You're here because you know something, What you know you can't explain, But you feel it, You've felt it your entire life, That there's something wrong with the world, You don't know what it is, but it's there, like a splinter in your mind, driving you mad.
It's a metaphor!
Still holds up because it's true. I wonder how many people who watched the Matrix actually know this part isn't really a fiction. I'd probably be lying if I said I was "woke" to the reality of this world in 1999. I was in high school after all. We are surrounded by the invisible prison.
However, instead of being fusion batteries for world-dominating AI trapped in a simulation, we actually find ourselves in a place that's arguably much worse. Humanity has enslaved itself with it's own greed and shortsightedness. Oh shoot, I guess it's not that much different than the Matrix after all.
Triforce Slavery
I've already talked about tax/debt/wage slavery in general. These are the tools used by the establishment to endlessly leech value from their citizens, and most aren't even aware of it. It's simply "the way it's always been" and "the normal way of doing things". Let me just come out and say that there is nothing 'normal' about this existence.
Of these three forms of invisible slavery, wage-slavery is clearly the most egregious.
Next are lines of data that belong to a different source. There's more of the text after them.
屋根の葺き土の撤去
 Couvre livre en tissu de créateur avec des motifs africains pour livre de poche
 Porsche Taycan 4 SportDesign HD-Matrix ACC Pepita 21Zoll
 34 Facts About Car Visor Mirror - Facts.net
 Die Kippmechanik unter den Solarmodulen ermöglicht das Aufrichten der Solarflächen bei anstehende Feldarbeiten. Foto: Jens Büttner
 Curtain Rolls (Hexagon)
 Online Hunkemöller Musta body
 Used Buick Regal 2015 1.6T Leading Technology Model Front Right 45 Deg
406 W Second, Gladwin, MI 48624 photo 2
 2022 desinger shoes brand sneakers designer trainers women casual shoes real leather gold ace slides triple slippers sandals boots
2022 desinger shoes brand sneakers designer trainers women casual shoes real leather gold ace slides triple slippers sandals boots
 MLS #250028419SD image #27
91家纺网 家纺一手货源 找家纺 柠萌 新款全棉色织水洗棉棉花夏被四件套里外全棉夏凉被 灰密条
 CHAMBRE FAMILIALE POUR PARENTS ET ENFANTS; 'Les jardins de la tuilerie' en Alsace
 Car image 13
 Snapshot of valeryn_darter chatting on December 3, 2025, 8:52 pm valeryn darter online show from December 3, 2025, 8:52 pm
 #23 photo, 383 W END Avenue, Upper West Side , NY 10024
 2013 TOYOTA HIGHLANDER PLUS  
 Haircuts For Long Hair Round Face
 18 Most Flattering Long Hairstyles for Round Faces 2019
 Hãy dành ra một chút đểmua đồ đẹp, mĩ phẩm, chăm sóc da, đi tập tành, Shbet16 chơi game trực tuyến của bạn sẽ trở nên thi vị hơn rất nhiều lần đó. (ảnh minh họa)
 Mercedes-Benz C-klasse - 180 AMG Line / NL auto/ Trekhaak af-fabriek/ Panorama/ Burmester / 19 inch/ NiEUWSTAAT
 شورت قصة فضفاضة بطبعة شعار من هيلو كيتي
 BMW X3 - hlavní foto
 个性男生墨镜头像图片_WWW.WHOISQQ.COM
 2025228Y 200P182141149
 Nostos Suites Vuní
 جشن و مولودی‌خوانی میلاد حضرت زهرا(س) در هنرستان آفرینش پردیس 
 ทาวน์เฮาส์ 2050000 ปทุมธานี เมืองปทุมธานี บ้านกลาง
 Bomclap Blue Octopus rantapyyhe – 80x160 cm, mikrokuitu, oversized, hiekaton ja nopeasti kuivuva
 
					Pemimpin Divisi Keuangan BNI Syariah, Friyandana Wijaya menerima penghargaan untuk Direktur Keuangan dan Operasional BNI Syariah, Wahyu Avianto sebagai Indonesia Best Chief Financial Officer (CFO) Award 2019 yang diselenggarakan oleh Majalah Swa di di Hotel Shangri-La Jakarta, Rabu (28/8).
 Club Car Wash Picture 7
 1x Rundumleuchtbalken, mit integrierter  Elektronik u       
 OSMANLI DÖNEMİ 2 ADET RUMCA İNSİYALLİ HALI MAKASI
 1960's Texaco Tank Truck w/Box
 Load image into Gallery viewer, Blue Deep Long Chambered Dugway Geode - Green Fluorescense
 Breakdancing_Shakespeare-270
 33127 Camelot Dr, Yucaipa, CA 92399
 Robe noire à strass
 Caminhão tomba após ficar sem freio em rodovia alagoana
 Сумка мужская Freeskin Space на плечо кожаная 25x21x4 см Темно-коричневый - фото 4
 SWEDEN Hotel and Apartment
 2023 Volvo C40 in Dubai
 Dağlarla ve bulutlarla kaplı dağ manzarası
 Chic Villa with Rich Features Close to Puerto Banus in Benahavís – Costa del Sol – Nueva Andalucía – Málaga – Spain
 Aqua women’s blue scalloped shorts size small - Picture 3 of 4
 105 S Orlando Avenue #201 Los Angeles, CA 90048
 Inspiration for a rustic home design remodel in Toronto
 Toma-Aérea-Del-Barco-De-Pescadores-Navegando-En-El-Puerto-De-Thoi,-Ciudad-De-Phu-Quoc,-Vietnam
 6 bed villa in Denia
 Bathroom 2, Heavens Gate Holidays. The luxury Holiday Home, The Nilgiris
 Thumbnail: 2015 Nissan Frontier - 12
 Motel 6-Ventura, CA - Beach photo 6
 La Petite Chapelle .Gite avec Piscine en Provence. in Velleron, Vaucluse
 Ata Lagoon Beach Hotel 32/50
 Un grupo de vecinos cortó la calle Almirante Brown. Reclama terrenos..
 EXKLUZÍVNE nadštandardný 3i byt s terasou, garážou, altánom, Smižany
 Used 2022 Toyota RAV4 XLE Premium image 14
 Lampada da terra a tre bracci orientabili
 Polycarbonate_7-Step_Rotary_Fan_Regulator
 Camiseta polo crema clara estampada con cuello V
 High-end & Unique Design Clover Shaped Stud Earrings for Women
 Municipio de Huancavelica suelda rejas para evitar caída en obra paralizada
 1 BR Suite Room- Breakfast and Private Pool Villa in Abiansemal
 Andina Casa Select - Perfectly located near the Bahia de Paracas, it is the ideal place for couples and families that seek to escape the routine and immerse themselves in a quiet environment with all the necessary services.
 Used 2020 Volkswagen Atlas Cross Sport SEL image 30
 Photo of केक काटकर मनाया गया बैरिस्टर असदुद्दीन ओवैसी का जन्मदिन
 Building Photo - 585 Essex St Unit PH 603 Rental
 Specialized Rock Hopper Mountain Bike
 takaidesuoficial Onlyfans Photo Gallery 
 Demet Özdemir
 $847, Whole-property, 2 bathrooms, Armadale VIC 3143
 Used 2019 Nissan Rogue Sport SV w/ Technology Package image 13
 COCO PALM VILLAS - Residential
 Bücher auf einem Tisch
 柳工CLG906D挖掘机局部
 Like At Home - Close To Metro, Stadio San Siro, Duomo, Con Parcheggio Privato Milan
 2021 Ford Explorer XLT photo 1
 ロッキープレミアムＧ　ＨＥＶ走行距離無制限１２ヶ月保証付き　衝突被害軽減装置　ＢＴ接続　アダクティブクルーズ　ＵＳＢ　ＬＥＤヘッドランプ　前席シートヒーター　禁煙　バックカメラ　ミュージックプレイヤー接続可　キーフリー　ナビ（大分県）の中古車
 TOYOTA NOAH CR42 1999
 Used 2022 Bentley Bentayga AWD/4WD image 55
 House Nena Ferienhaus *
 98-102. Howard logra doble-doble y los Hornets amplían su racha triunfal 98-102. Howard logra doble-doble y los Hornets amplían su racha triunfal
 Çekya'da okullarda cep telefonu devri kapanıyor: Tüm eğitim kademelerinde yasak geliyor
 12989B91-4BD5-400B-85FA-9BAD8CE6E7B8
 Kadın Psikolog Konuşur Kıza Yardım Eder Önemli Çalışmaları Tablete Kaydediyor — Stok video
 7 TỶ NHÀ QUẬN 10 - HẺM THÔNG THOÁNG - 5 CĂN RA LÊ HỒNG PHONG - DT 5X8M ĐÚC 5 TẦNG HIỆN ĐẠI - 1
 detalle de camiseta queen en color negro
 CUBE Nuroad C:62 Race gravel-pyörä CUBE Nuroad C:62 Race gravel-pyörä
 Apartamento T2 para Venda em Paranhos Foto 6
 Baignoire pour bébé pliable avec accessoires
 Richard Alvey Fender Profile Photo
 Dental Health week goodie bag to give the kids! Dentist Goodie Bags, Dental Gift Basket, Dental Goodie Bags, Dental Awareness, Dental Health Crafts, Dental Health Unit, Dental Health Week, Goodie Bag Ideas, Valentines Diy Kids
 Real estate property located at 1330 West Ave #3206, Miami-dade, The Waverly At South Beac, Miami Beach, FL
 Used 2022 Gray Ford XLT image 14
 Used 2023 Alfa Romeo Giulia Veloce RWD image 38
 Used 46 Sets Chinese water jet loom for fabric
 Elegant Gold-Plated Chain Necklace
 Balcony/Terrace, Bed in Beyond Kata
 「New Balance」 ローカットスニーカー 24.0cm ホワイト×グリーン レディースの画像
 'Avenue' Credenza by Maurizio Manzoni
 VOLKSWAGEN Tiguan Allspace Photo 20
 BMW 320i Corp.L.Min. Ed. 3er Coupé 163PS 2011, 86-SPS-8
Pretty much every job out there will pay you money in exchange for time. If your employer is running their business properly, employees will always bring significantly more value to the company than the company is willing to pay them.
Work ethic is dead.
This kills any semblance of proper work ethic. No matter how hard you work, the person next to you makes the same amount no matter how incompetent, lazy, or foolish they are. We're all told hey just work as hard as you can... maybe you'll get that promotion... yet promotions can often once again go to the inferior employee because they're friends with the boss or other workplace politics (one example: racism and sexism). It used to be that if you worked harder or smarter than other people, you'd get ahead. That is no longer the case.
Even worse, no matter how good or efficient technology gets none of that productivity gets passed down via fair compensation. Business owners are greedy little goblins who take all the wealth for themselves, and if they make it big enough they make sure the burn the bridge behind them so no one else can follow and compete.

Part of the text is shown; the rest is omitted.